Questi attacchi istigati o condotti da Washington contro gli alleati iraniani sono il motivo per cui vi è una crescente pressione nel governo iracheno affinché gli Stati Uniti se ne vadano. Queste pressioni diventeranno ora schiaccianti alla luce del bombardamento americano di cinque campi del PMF (forze di mobilitazione popolari), milizie sciite che sono state integrate nell'esercito iracheno e che sono sotto il comando del suo primo ministro e di Soleimani.

A dire il vero, la scelta degli alleati dell'Iran non ha nulla a che fare con la sicurezza della patria americana: nessuno dei governi sovrani in Libano (dove Hezbollah è il principale partito politico), in Siria e persino in Iraq (che a quanto pare è alleato degli Stati Uniti) ha protestato contro questi accordi basati sulla confessione (sciita) ed i benefici che ne derivano.

Questo perché la cosiddetta mezzaluna sciita è un bau-bau inventato da Bibi Netanyahu ed è la scusa per la sua isterica politica estera anti-iraniana. Quest'ultima non è nemmeno intesa a migliorare la sicurezza di Israele, ma è una strategia per diffamare un "nemico lontano" in modo da tenere unita la sua coalizione di destra e continuare a governare.

Allo stesso modo, l'avidità e l'appetito per il potere da parte del complesso militare degli Stati Uniti sono così voraci da farli accettare tutte le missioni in qualsiasi parte del pianeta, non importa quanto siano stupide, futili o immorali (come nel caso dei 19 anni in Afghanistan).

Di conseguenza Washington cospira per mantenere attive le 35 basi nel Medio Oriente e per innescare azioni come l'assassinio del principale leader militare iraniano al fine di mantener viva la minaccia ed alimentare periodicamente tensioni e contrattacchi che mantengono in vita le missioni e le forze schierate.

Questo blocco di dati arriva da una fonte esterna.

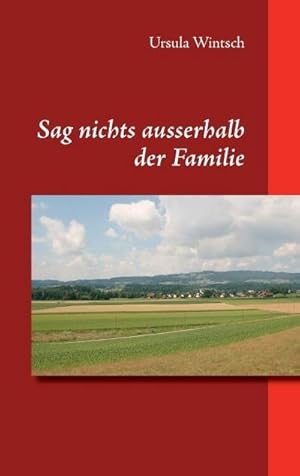 Bild des Verkufers fr Sag nichts ausserhalb der Familie zum Verkauf von BuchWeltWeit Ludwig Meier e.K.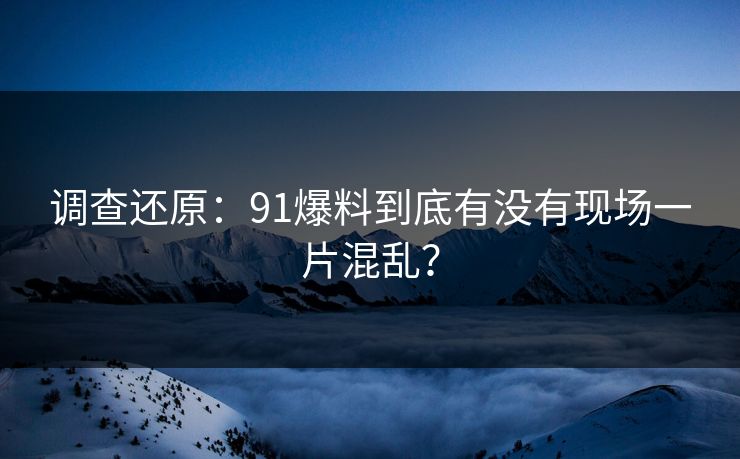调查还原：91爆料到底有没有现场一片混乱？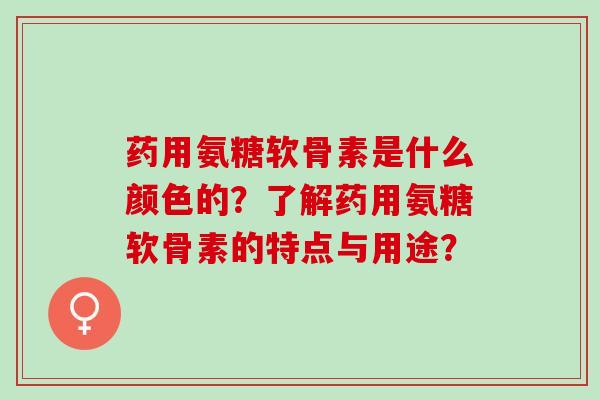 药用氨糖软骨素是什么颜色的？了解药用氨糖软骨素的特点与用途？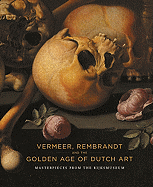 vermeer rembrandt and the golden age of dutch art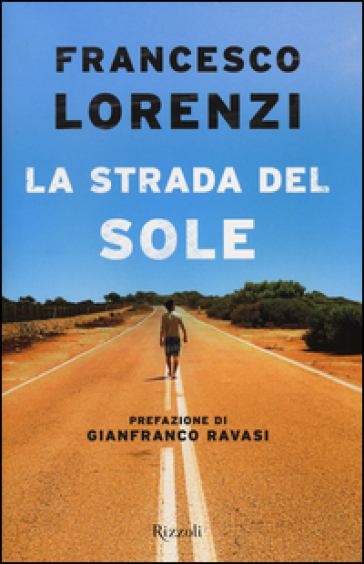 La strada del Sole - Francesco Lorenzi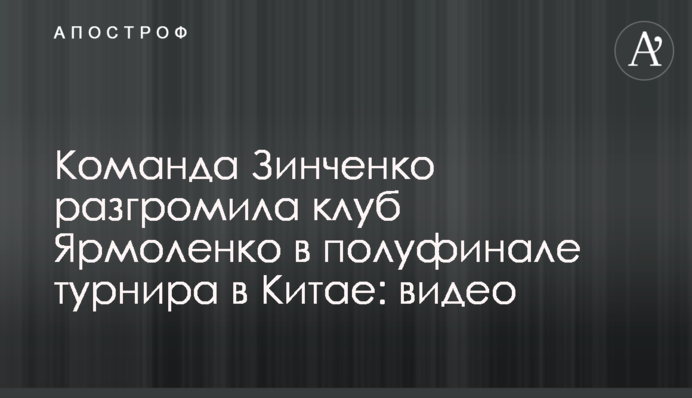 Команда Зінченка розгромила клуб Ярмоленка у півфіналі турніру в Китаї: відео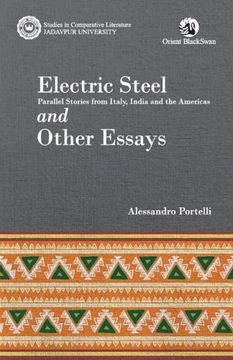 portada Electric Steel: Parallel Stories from Italy, India and the Americas and Other Essays (in English)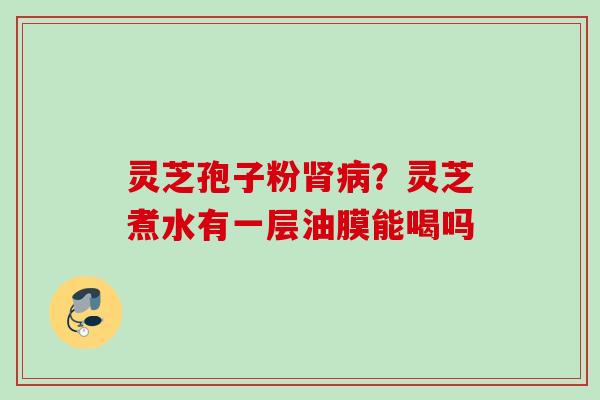 灵芝孢子粉?灵芝煮水有一层油膜能喝吗 灵芝孢子粉?灵芝煮水有一层油膜能喝吗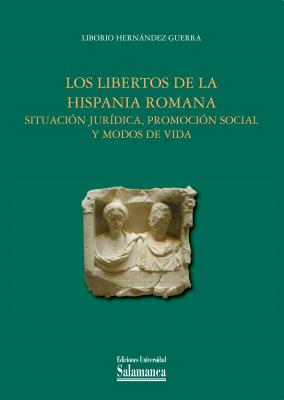 Los libertos de la Hispania Romana. 9788490122495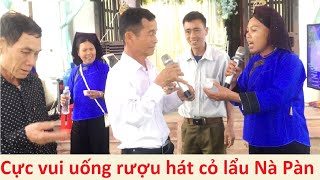 Uống rượu hát cỏ lẩu cực vui đám cưới Nà Pàn ngày 20/2 â.l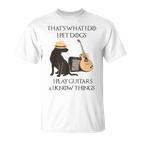 Das Ist Das Was Ich Mache Ich Hunde Spiele Ich Spiele Gitarren Und Ich Weiß Dinge T-Shirt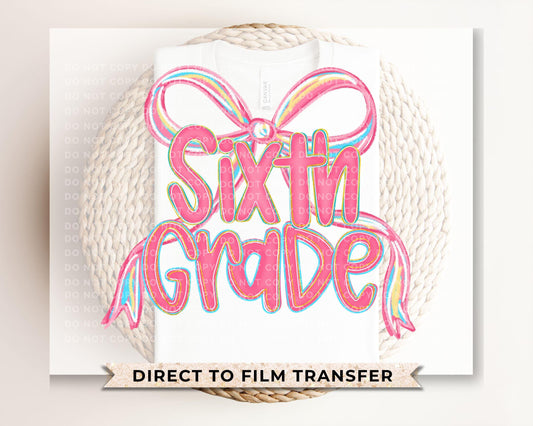 Back to School DTF Transfer, Ready to Press, T-shirt Transfer, Heat Transfer, Direct to Film, Coquette First Day Of School, Sixth Grade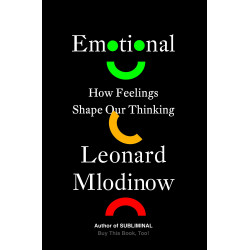 Emotional How Feelings Shape Our Thinking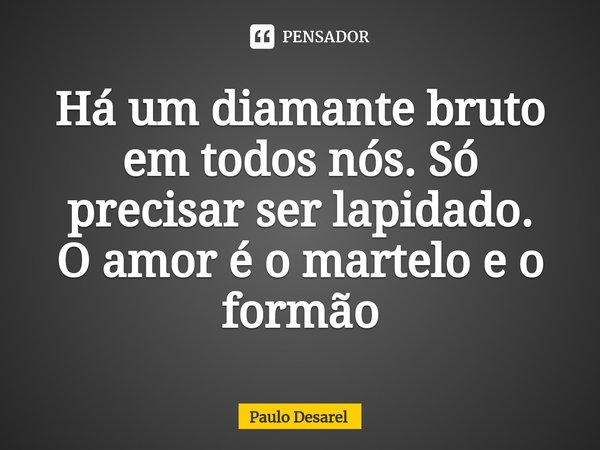 Há um diamante bruto em todos nós. Só precisar ser lapidado.
O amor é o martelo e o formão... Frase de Paulo Desarel.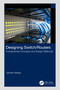Designing Switch/Routers (Fundamental Concepts and Design Methods) by James Aweya, 9781032315829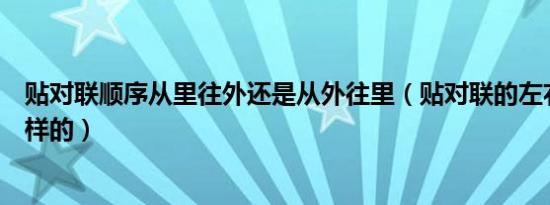 贴对联顺序从里往外还是从外往里（贴对联的左右顺序是怎样的）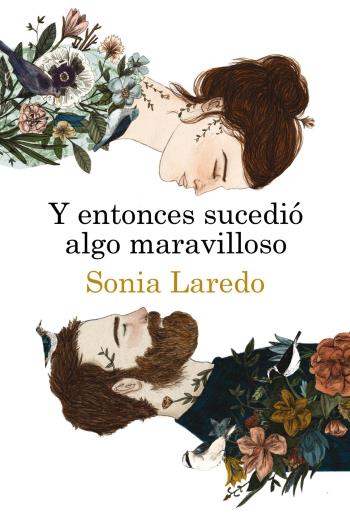 Y entonces sucedió algo maravilloso libro en epub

Washington ha demonizzato, ostracizzato e attaccato economicamente l'Iran per decenni, e ora sta letteralmente cercando di distruggere la sua economia e società attraverso le sanzioni economiche e la sua campagna di "massima pressione" che mira a portare il destino di Saddam Hussein e Muammar Gheddafi ai leader di Teheran.
L'attuale campagna di sanzioni di Washington contro l'Iran è così aggressiva e brutale che costituisce una guerra sotto mentite spoglie.
Quando si circonda una nazione sovrana con un'armata militare terrestre, marittima e aerea e poi si dichiari una guerra economica vera e propria con un obiettivo a malapena camuffato di cambio di regime, bisogna combattere come si può.

Ecco perché la dichiarazione del Segretario di Stato Pompeo che giustifica l'atto di aggressione di Donald è orribile.

Washington sta mettendo a rischio l'intera nazione dell'Iran e lo sta facendo senza alcuna provocazione iraniana contro la sicurezza della patria americana.

Ora le cose andranno fuori controllo, perché il regime iraniano si vendicherà per la morte di Soleimani. Eliminando quest'ultimo Donald ha anche vaporizzato ogni possibilità di attuare la politica "America First" su cui ha sempre insistito e ragione per cui è finito nell'Ufficio Ovale.

L'unica cosa decente che Obama abbia fatto sul fronte della politica estera è stato l'accordo sul nucleare con l'Iran. In base a quest'ultimo l'Iran rinunciava ad una capacità di armi nucleari che non aveva mai avuto o voluto e si vedeva restituire miliardi di dollari congelati (che appartengono in primo luogo a Teheran), sottoponendosi ad una serie di ispezioni e controlli internazionali da cui persino Houdini non avrebbe potuto liberarsi.

Ma Donald ha stracciato questo accordo, non perché l'Iran l'abbia violato, ma perché i neocon (guidati da quel ritardato di Jared Kushner) gli hanno mentito riguardo ai presunti difetti.

L'attuale aggressione contro l'Iran sta rapidamente diventando la decisione più demente e vergognosa di Washington, perché sta mettendo inutilmente in pericolo i suoi cittadini e intrappolando il loro leader in un ciclo di violenza infinita.

Donald è ora l'ennesimo presidente americano intrappolato nel tipo di trappola che da sempre è risultato il modus operandi dell'Impero prima di tutto e tutti.